Het huidige bouwvlak wordt in zijn geheel benut voor bedrijfsmatige activiteiten. Ook het erf voor de bedrijfswoning maakt hier onderdeel uit van het erf. Het is niet wenselijk om hier te bouwen. Door de omvang van de gewenste werktuigberging is geen geschikte locatie binnen het bouwvlak mogelijk.

Ad 5.

De vergroting van het bouwvlak sluit aan bij de vorm en richting van het huidige bouwvlak. Hier is in de paragraaf 2.3 verder op ingegaan.

Ad 6.

De afstand tussen andere ruimtelijke elementen is ruim voldoende.
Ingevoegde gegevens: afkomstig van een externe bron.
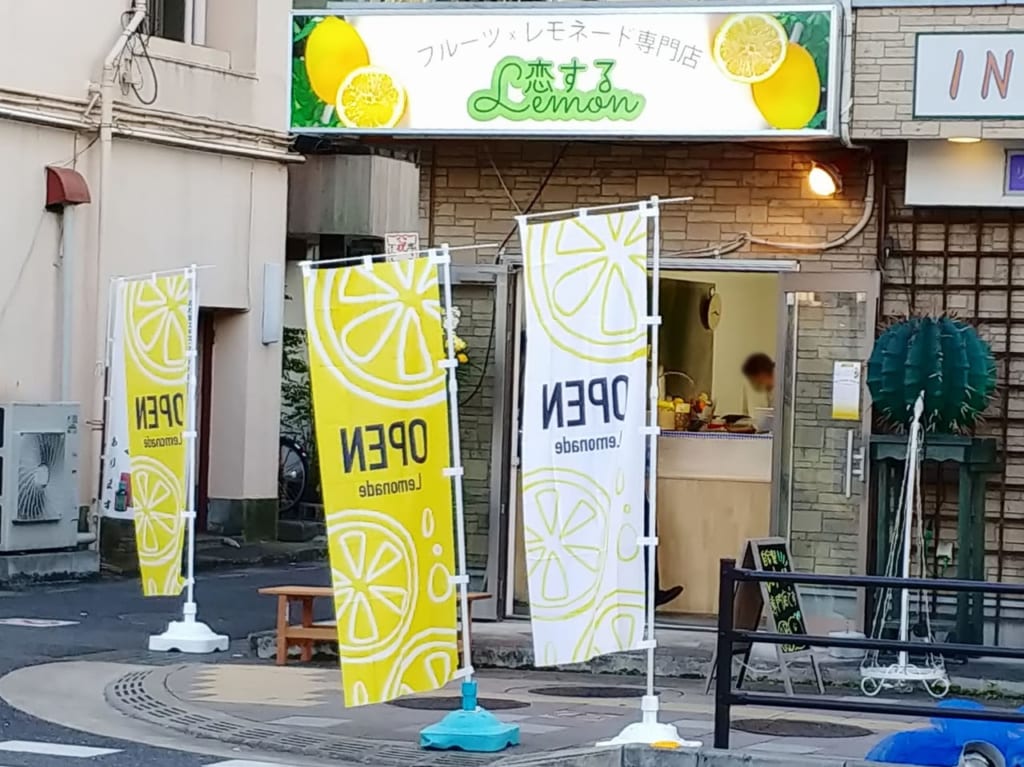 フルーツ・レモネード専門店「恋するLemon」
Aan afstand ten opzichte van ander functies wordt in het volgende hoofdstuk aandacht besteed.

Ad 7.

Er blijft voldoende ruimte aanwezig op het perceel om te kunnen manoeuvreren met vrachtwagens en overig materieel. Dit wordt met het huidige planvoornemen verbeterd.

Ad 8.

De werktuigberging wordt in het verlengde van de bestaande bebouwing achter op het erf gerealiseerd. De werktuigberging en vaste mestopslag voldoen aan de algemeen geldende bouwvoorschriften van het bestemmingsplan.

Ad 9.

Met de bouw van de werktuigberging wordt geen afbreuk gedaan aan de milieusituatie, de natuurlijke, landschappelijke en cultuurhistorische waarden, de woonsituatie, het bebouwingsbeeld en de gebruiksmogelijkheden van de aangrenzende gronden. Dit wordt beschreven in hoofdstuk 4 waarin de relevante milieu en omgevingsaspecten worden getoetst.

Ad 10.

Er is een watertoets uitgevoerd voor het initiatief en bijgevoegd als bijlage bij deze toelichting. Hier wordt in het volgende hoofdstuk verder op ingegaan.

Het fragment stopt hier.